Uma época de medo e expectativas

Diferentes gerações de russos relembram os acontecimentos turbulentos de agosto de 1991 com uma misturam de incerteza e de esperança.


Há 20 anos, um grupo da linha dura do Partido Comunista da União Soviética tentou derrubar o presidente soviético Mikhail Gorbatchov e, assim, interromper seu programa de reformas econômicas e políticas. Mas a tentativa de golpe fracassou, e os moscovitas se reuniram a Boris Iéltsin, presidente da República Russa, que liderava as massas de cima de um tanque de guerra em frente à Casa Branca, a sede do governo russo.

 

Assim como muitas crianças russas, o estilista lliá Poliveev, 26, presenciou em agosto de 1991 os momentos dramáticos do fracassado golpe contra Gorbatchov na expressão de choque de sua mãe, enquanto a família assistia aos noticiários pela televisão e seus pais sussurravam inquietamente.

 

“Ainda consigo me lembrar de muitas imagens dos noticiários: a sede do governo russo com marcas pretas das chamas e o olhar no rosto de Gorbatchov, que era basicamente o mesmo da minha mãe”, recorda Poliveev, que então vivia na cidade de Magadan, no extremo norte da Rússia.  

 

Gorbatchov, que tinha ficado em prisão domiciliar na Crimeia, retornou a Moscou depois do fracasso do golpe, mas já estava fatalmente enfraquecido como líder, e a dissolução da União Soviética começou quase imediatamente. 

 

A promotora de shows Vera Grant, 26, lembra-se de estar colhendo batatas na casa de veraneio dos avós, perto de Moscou, enquanto os adultos ouviam o rádio. “A tensão era grande”, conta Grant.

 

Apenas 8% dos russos veem os acontecimentos de agosto de 1991 como uma revolução democrática, de acordo com o Centro Levada. Ecoando os sentimentos do primeiro-ministro Vladímir Pútin, 36% dos russos consideram a queda da URSS uma tragédia, e 43% acreditam que o golpe foi nada mais que uma disputa de poder entre burocratas.

 

“Foi uma ilusão de liberdade e de mudanças”, diz o diretor de arte Filip Botchkov. Ele lembra de sua família engatinhando pelo apartamento, próximo à sede do governo em Moscou.

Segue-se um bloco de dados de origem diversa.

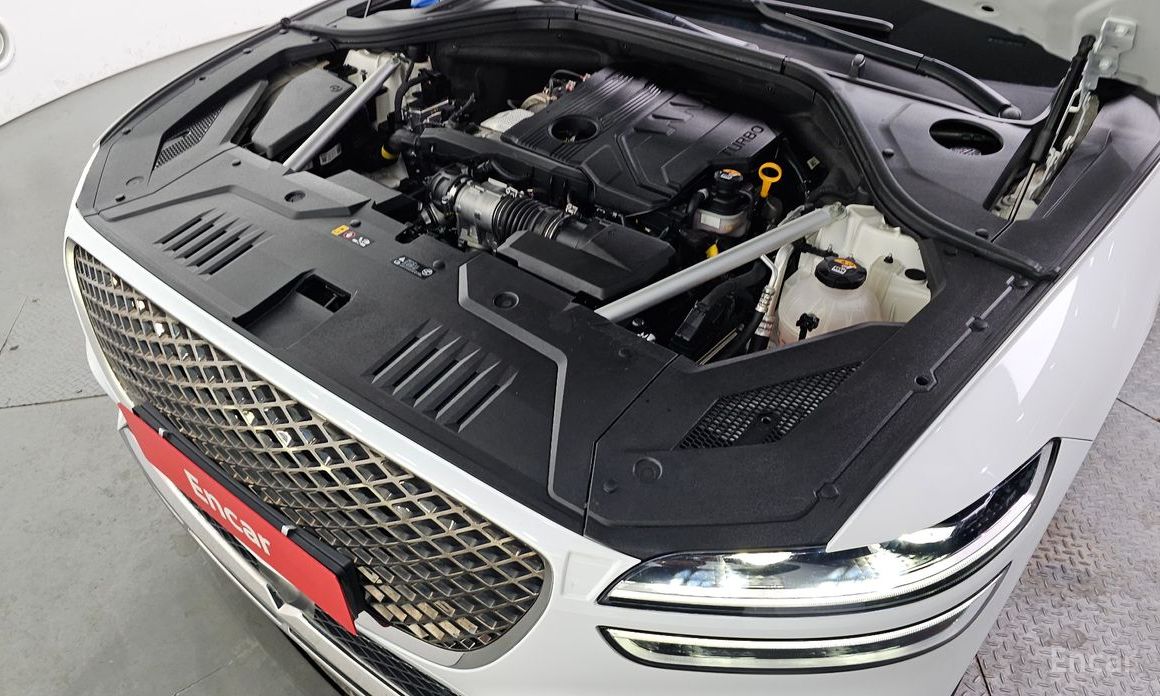  Genesis GV70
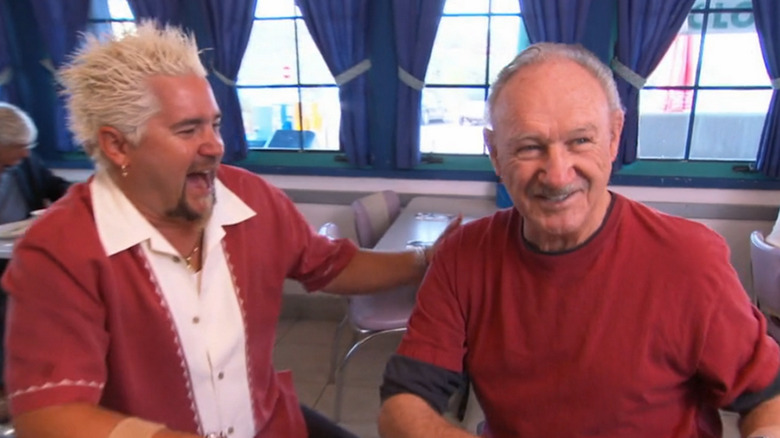 Guy Fieri et Gene Hackman sur les convives, les drive-in et les plongées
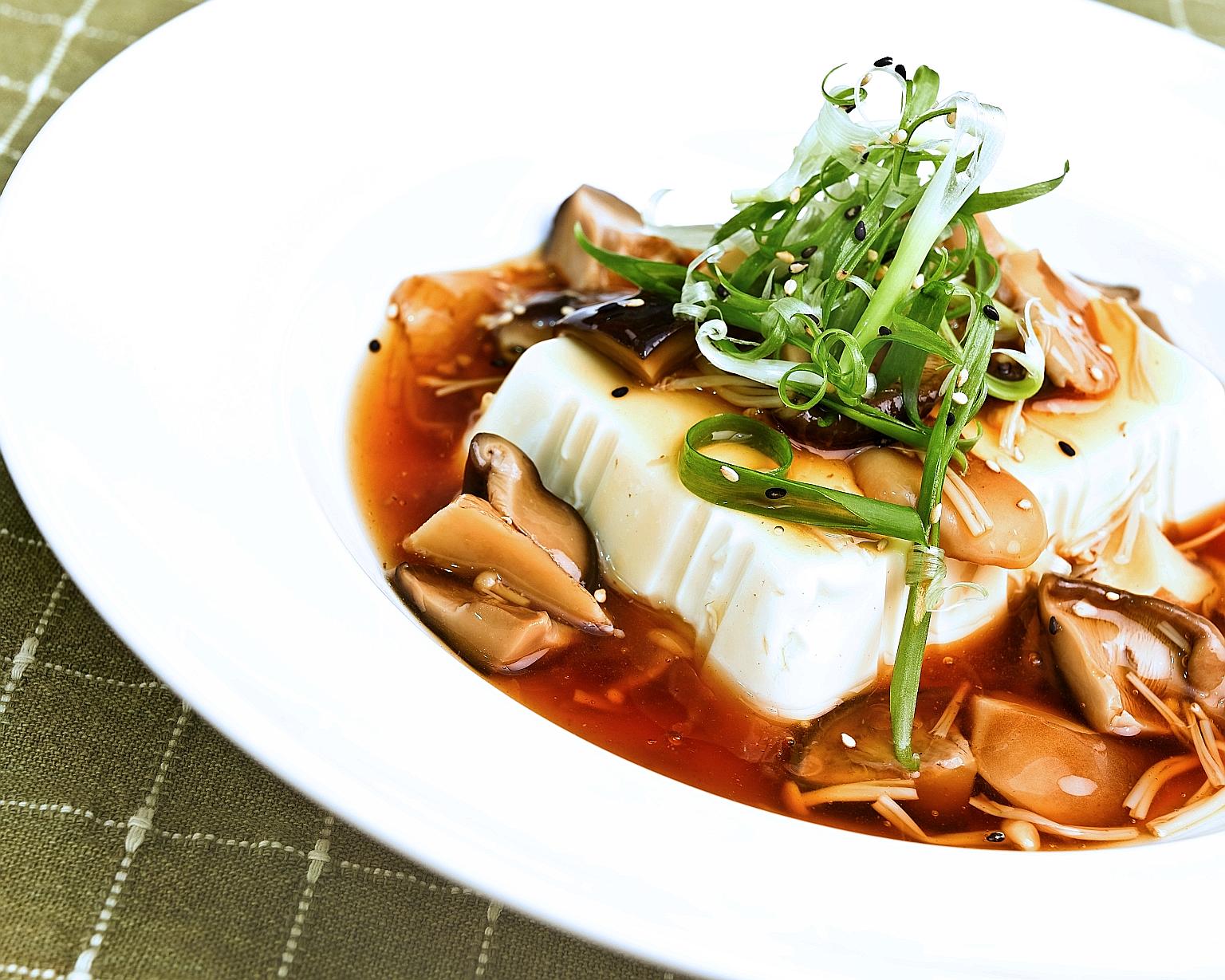 Research by the Clinical Nutrition Research Centre found that eating rice with tofu, instead of other protein-rich food like chicken, fish or egg, works best in bringing down blood glucose levels.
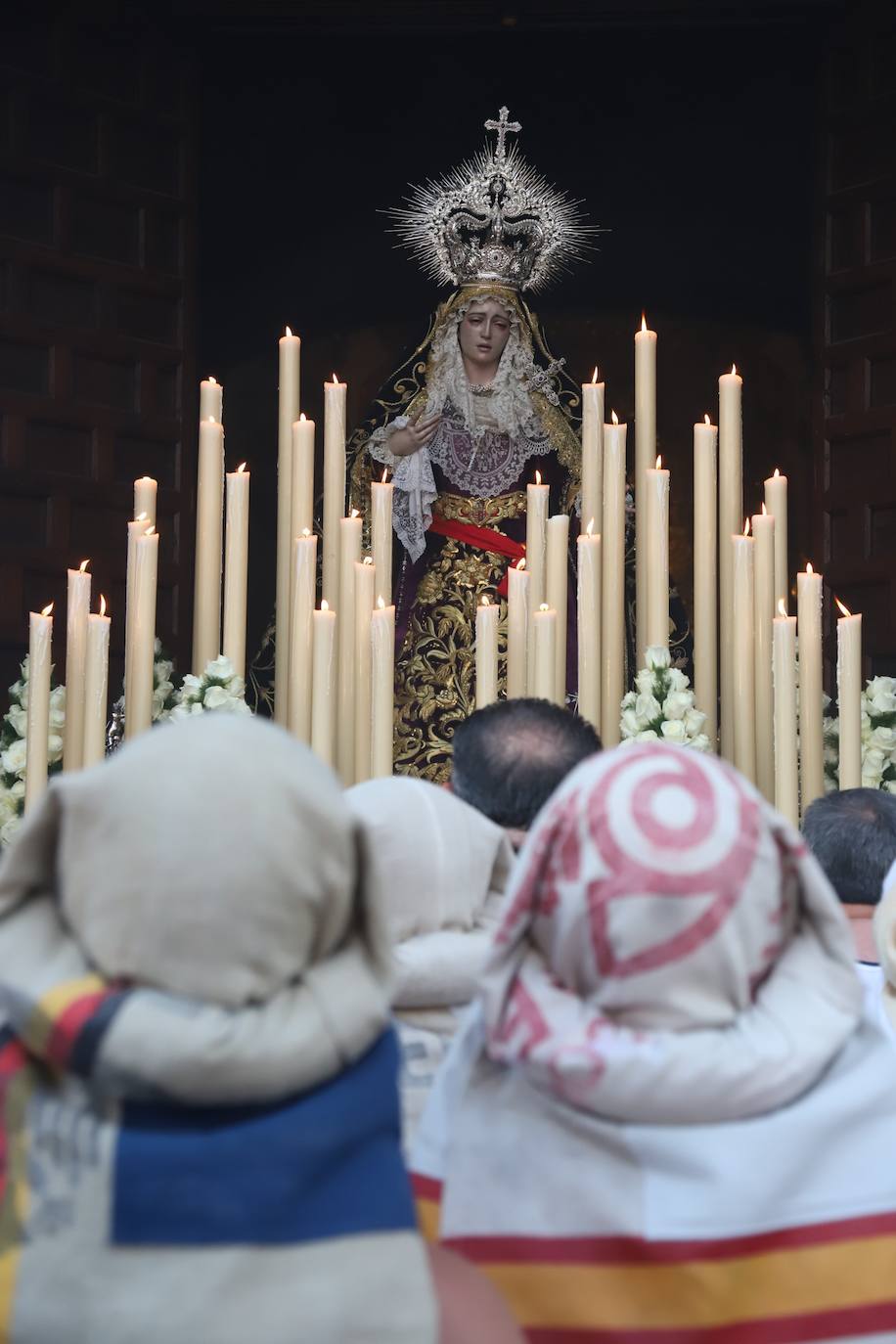 La procesión de la Virgen de la Quinta Angustia en Córdoba, en imágenes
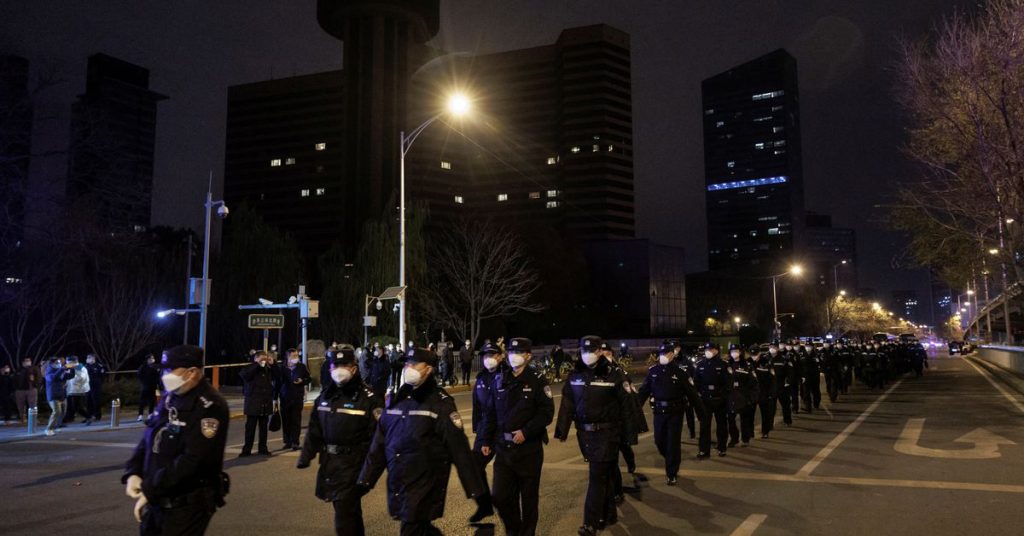 Protes virus korona meningkat di Guangzhou ketika kemarahan penguncian China memuncak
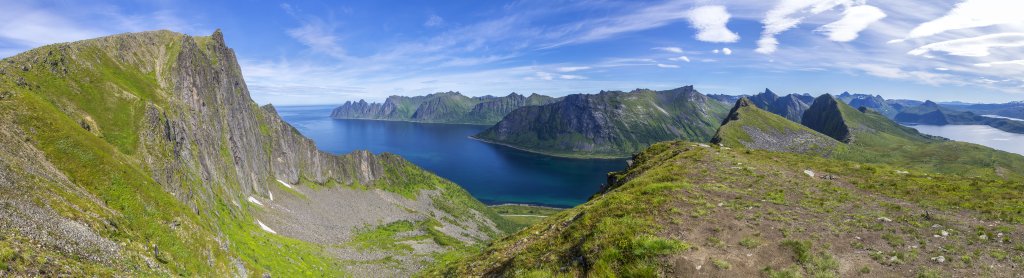 Am Sattel zwischen Husfjellet (632m) und Litjebrusen (622m) eröffnet sich der Blick über die Westabbrüche des Husfjellet auf Ersfjorden, Steinfjorden und das Kap von Tungeneset, das vom Massiv des Luttinden (7590m) überragt wird, Norwegen, Juli 2022.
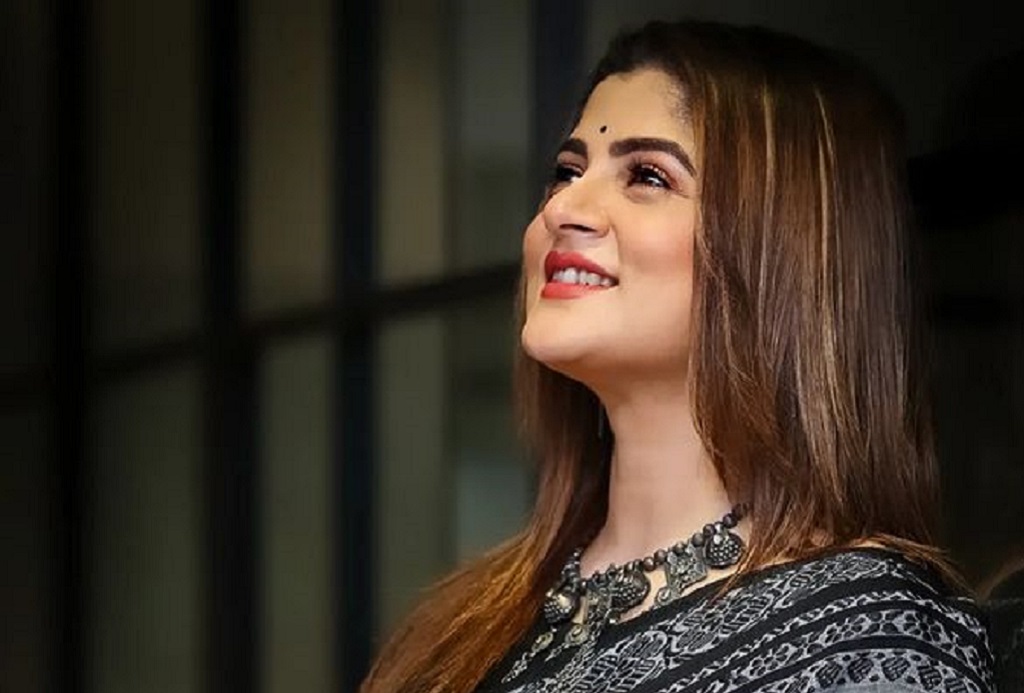 Srabanti Chatterjee Viral Video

Havia rumores na vizinhança de que atiradores se postavam nos telhados dos prédios escolhendo aleatoriamente suas vítimas.

 

“Hoje ninguém luta por nada, mas todo mundo está sempre contra alguma coisa”, diz Grant.

 

A publicitária Natalia Moschkina, 34, levada pela mãe e pela avó às comemorações em frente à Casa Branca, lembra-se da alegria das multidões com o fracasso do golpe. “Havia um espírito de democracia, excitação e fomento social”, diz Moschkina.

 

“Hoje, a maioria dos russos vê a década de 1990 sob uma perspectiva negativa, associando-a ao colapso econômico, ao caos, à degradação cultural, enquanto uma parcela minúscula das pessoas mais socialmente ativas falam sobre a recuperação das liberdades básicas da época”, explica Boris Dubin, chefe do Departamento de Estudos Sociais e Políticos do Centro Levada.